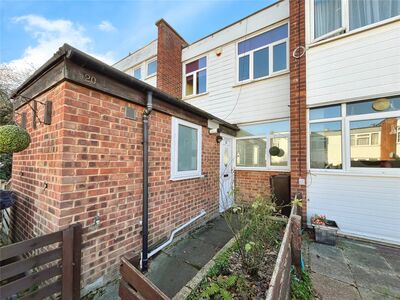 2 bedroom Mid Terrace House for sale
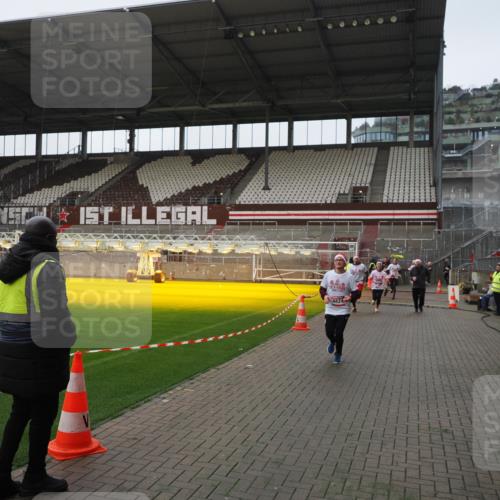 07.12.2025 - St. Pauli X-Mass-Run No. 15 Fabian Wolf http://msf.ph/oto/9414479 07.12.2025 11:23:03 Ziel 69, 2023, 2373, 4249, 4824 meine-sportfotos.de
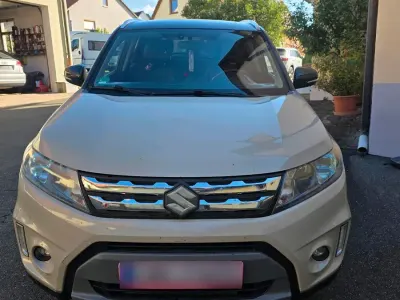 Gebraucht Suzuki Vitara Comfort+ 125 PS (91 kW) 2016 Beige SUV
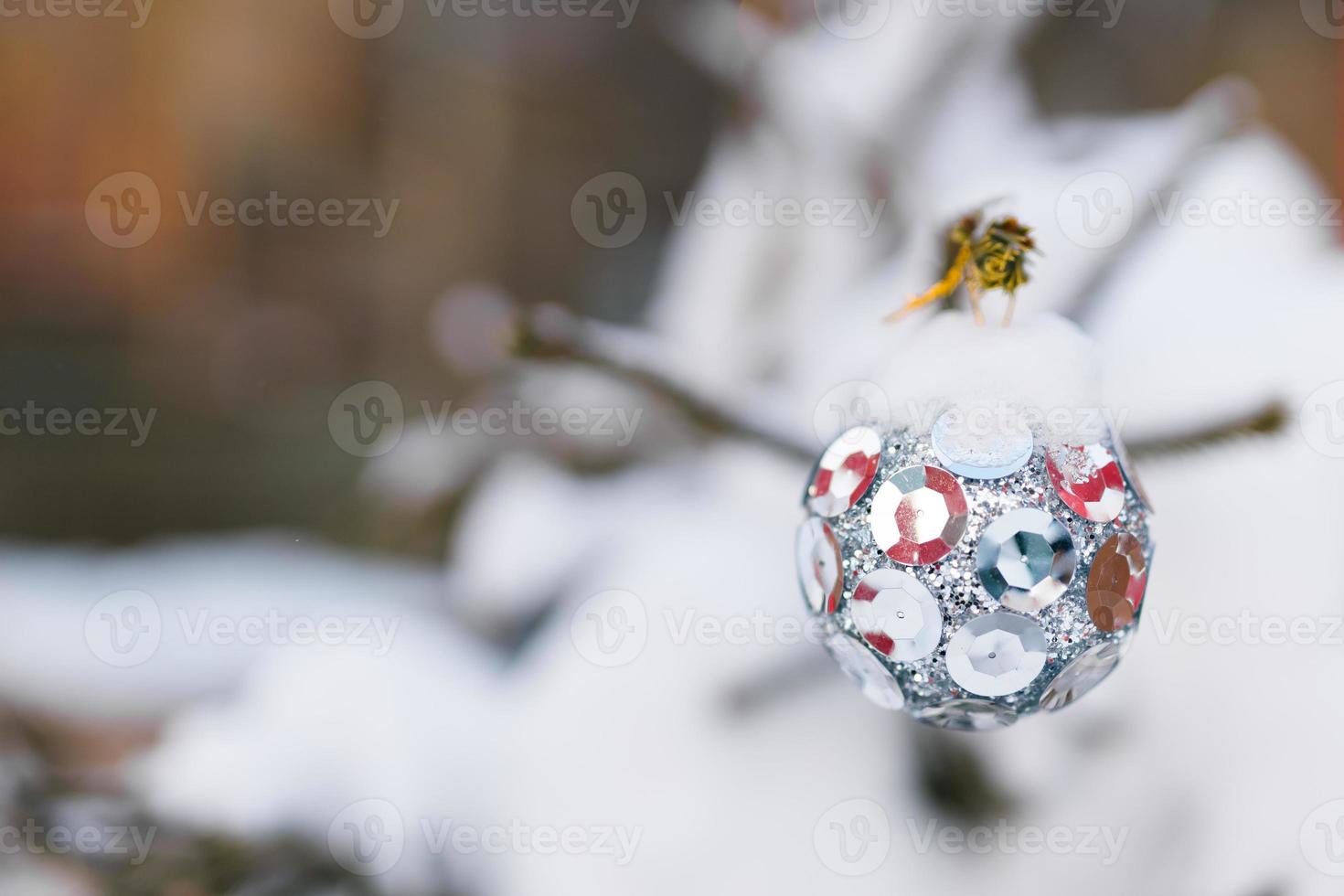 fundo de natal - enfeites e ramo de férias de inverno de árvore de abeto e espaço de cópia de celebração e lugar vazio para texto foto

— What needs to be done —
Repeat the data exactly. No pictures should appear.

— Reply —
 2 bedroom Mid Terrace House for sale
 07.12.2025 - St. Pauli X-Mass-Run No. 15 Fabian Wolf http://msf.ph/oto/9414479 07.12.2025 11:23:03 Ziel 69, 2023, 2373, 4249, 4824 meine-sportfotos.de
 Gebraucht Suzuki Vitara Comfort+ 125 PS (91 kW) 2016 Beige SUV
 fundo de natal - enfeites e ramo de férias de inverno de árvore de abeto e espaço de cópia de celebração e lugar vazio para texto foto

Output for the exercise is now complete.